Doveva essere lo strumento chiave per contrastare povertà e disoccupazione. Ma al momento il reddito di cittadinanza introdotto dal Movimento Cinque Stelle si è rivelato uno strumento incompleto, vista la difficoltà di inserire nel mondo del lavoro i cittadini che ricevono il sussidio. E che continua ad avere costi imponenti per le casse italiane. Il governo Meloni è al lavoro per predisporre un piano che conduca al superamento del reddito di cittadinanza. Il disegno del nuovo esecutivo non prevederebbe tuttavia una totale abolizione del sussidio grillino, bensì un radicale intervento riformatore che comporti l’abolizione della misura per i cosiddetti occupabili.
L’idea di base è quella di separare le platee di percettori tra abili e non abili al lavoro: questi ultimi continueranno ad avere una forma di assistenza, di sostegno al reddito. Mentre i beneficiari del reddito di cittadinanza considerati occupabili dovranno essere attivati al lavoro,con una stretta su controlli in chiave anti-furbetti e condizionalità più rigide (ad esempio si ragiona sulla riduzione da 2 a 1 offerta congrua da accettare per non perdere l’assegno).
Dunque, il principio cardine a cui si ispirano i partiti di maggioranza è quello riformare la disciplina del reddito di cittadinanza al fine di farlo diventare uno strumento rivolto solo ed esclusivamente a chi, per età, problemi di salute o altri impedimenti, non sia nelle condizioni di trovare un lavoro. Per tutti gli altri, invece, niente più sussidio: trovandosi nelle condizioni di poter lavorare dovranno adeguarsi, rimboccarsi le maniche e farcela da soli. Per questa categoria di soggetti, infatti, secondo le idee del centrodestra, la soluzione non può e non deve essere il reddito di cittadinanza, ma il lavoro. Meno sussidi e più lavoro, dunque, se volessimo riassumere il tutto in uno slogan.

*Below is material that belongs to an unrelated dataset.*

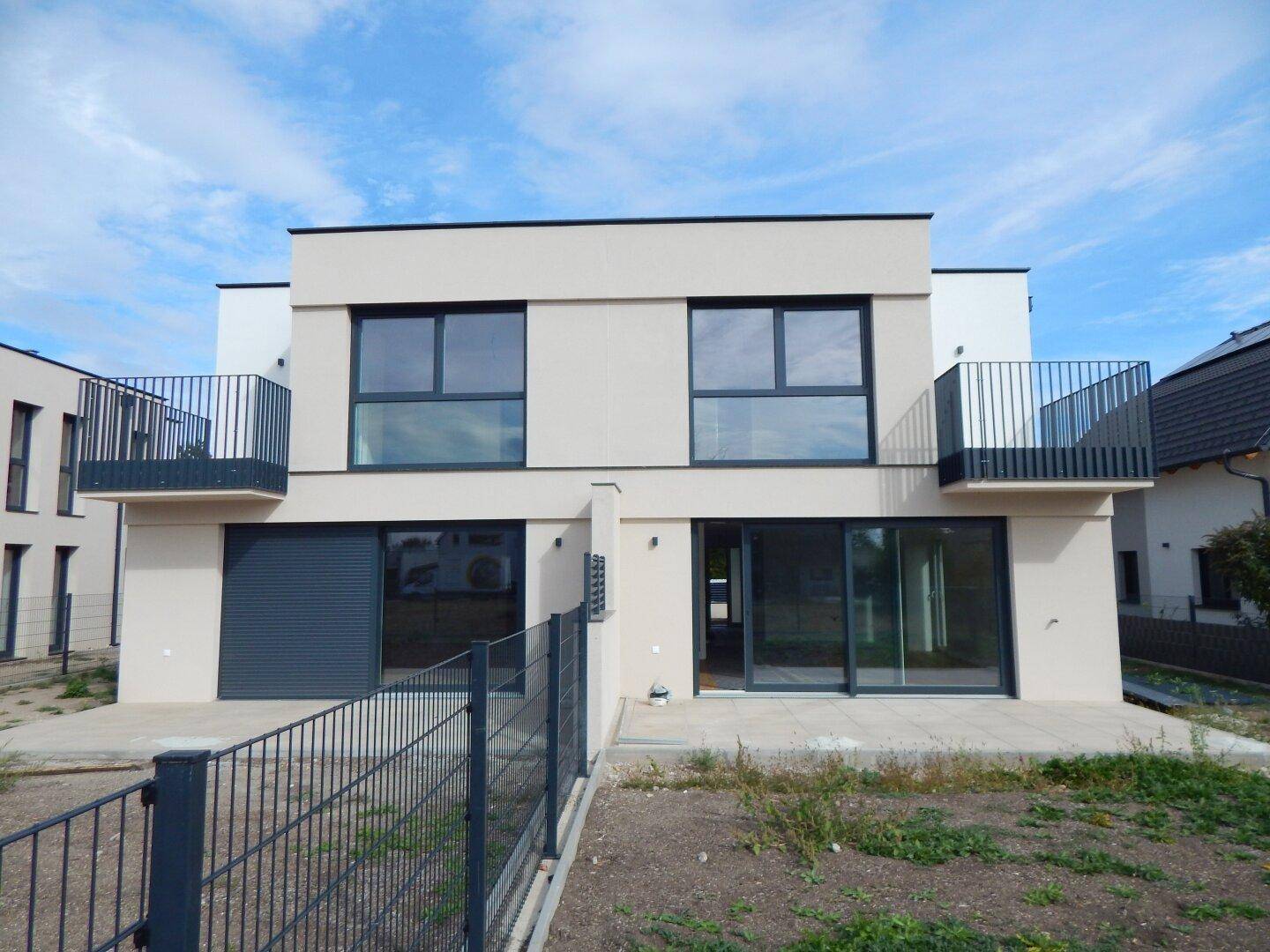 Frontansicht einer modernen Doppelhaushälfte mit Balkonen und Terrassenzugang.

Secondo i dati Anpal, i beneficiari del reddito di cittadinanza sono 919.916. Di questi, 173mila (il 18,8%) risultano già occupati, e ulteriori 660mila (il 71,8%) sono tenuti alla sottoscrizione di un patto di servizio. I restanti 86mila (ovvero il 9,4%) risultano invece esonerati, esclusi o rinviati, e quindi non nelle condizioni di sottoscrivere un patto per il lavoro. Rientrerebbero, pertanto, nella rinnovata platea dei beneficiari di reddito, a differenza dei 660 mila soggetti abili al lavoro che, in quanto tali, non sarebbero rinviabili ai servizi sociali.
Per questi ultimi, la revisione decretata dal governo Meloni sarebbe in tutto e per tutto equiparabile ad un’abolizione, dal momento in cui comporterebbe per loro la definitiva perdita del beneficio economico connesso alla percezione del sussidio. In definitiva, secondo il piano della Meloni, il sussidio grillino verrebbe abolito per più del 90% dell’attuale platea dei beneficiari, mentre continuerebbe ad esistere solo per quel 10% circa di soggetti che, non essendo effettivamente nelle condizioni di poter lavorare, necessitano di un sostegno economico da parte dello Stato.